COLUMBUS, Ohio — Despite Gov. Mike DeWine’s original plan to invest in Ohio’s future instead of further cutting taxes, Ohio lawmakers have upped the ante on a tax cut plan for a third time in a matter of weeks.
At this rate, there’s no telling how big the cuts might become before the state budget is sent to the governor for his signature later this month.
The latest maneuver came Tuesday from the Republican-led Ohio Senate Finance Committee, which called for slashing Ohio’s income tax rates by 8% in two stages, and keeping in place a controversial tax break that allows self-employed people and many other businesses to pay no state income taxes on their first $250,000 of income.
To understand where the final tax plan might end up, it’s worth taking a look back at how things have evolved — with tax cuts growing from each legislative step in the process to the next.
• Governor: no tax cut
DeWine, a Republican, introduced his version of what Ohio’s budget should look like in March, just weeks after taking office. In a notable change from his predecessor, John Kasich, DeWine did not issue a call to reduce Ohio’s income tax rates, which are down 30 percent since 2005.
DeWine pointedly did quite the opposite.
“We had tax cuts over the last eight years,” DeWine said introducing his budget. “There is a time and a place for everything, and this is a time and place to invest in Ohio and invest in Ohioans.”
• House Finance Committee: some tax cuts
Once the budget reached the legislature, which earlier this year approved increasing Ohio’s gas tax by a dime a gallon, attention began to focus on cutting Ohio’s income tax rates.
The first stop was the House Finance Committee, which initially proposed eliminating income taxes for anyone with taxable income below $22,250, and providing tax cuts to all others.
The cuts for those above $22,250 were accomplished by reducing the tax rates by 4.7% on the portions of taxable income between $22,250 and $88,800.
But the savings would have been for all taxpayers. This is because even someone making $500,000 would have paid less for the portion of their income from $22,250 to $88,800.
• Ohio House: bigger tax cut
But by the time the budget bill cleared the Ohio House May 9 with strong bipartisan support, the income tax cut was expanded to provide more savings for the highest income individuals. Instead of cutting just rates for the portions of income below $88,880 by 4.7%, all tax rates were trimmed by 6.6%.
This would mean tax savings of about $35 a year for someone making $25,000, $147 for incomes of $75,000, $455 for incomes of $175,000 and $1,039 for incomes of $350,000, according to cleveland.com estimates.
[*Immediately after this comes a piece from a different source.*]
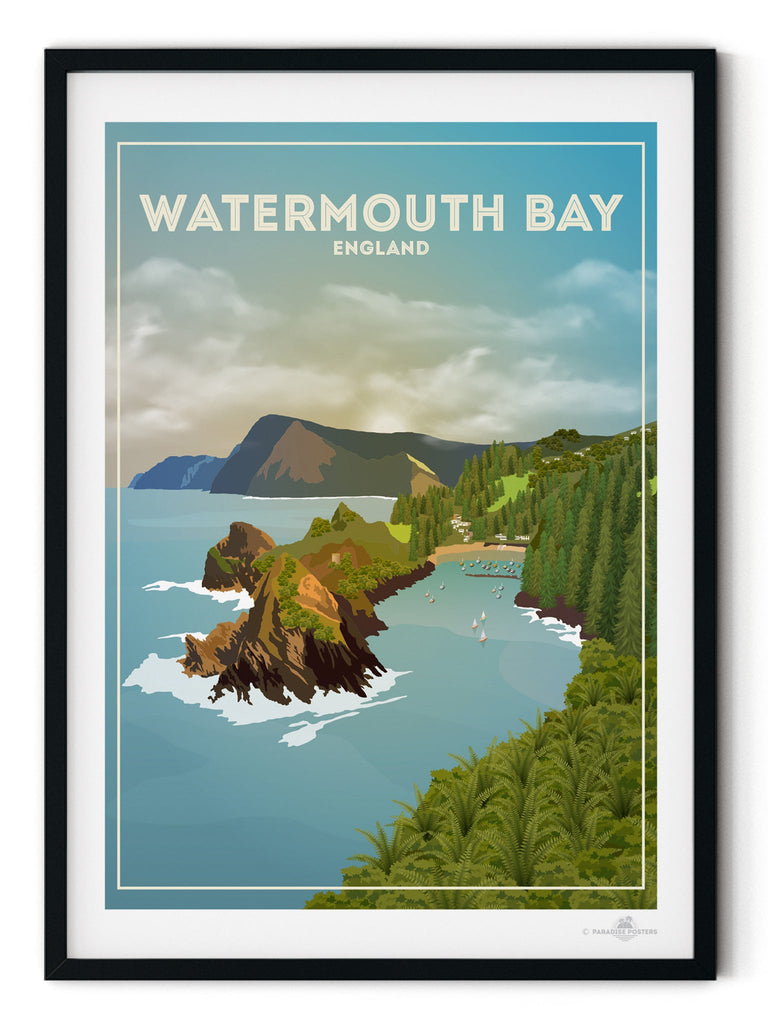 Watermouth Bay England Poster Print Devon England UK United Kingdom Watermouth Bay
Part of this tax cut was paid for by reducing the tax-free status on business income to $100,000, from the current threshold of $250,000. A phased-in change under Gov. Kasich made the first $250,000 of business income, starting in 2016, tax free free for many businesses, including self-employed people.
This version of the budget bill was sent to the Ohio Senate.
• Ohio Senate Finance Committee: yet a bigger tax cut
The first revision of the budget rolled out by the Ohio Senate Finance Committee on Tuesday includes both larger cuts in the tax rates — on a delayed basis — and restoration of the full $250,000 tax deduction for businesses, among other tax changes.
Instead of cutting tax rates by 6.6% across the board and applying the changes to the tax forms for 2019 Ohioans will fill out next spring, the Ohio Senate Finance Committee proposes cutting rates by 4% in the first year and another 4% in the second year for a total of 8%.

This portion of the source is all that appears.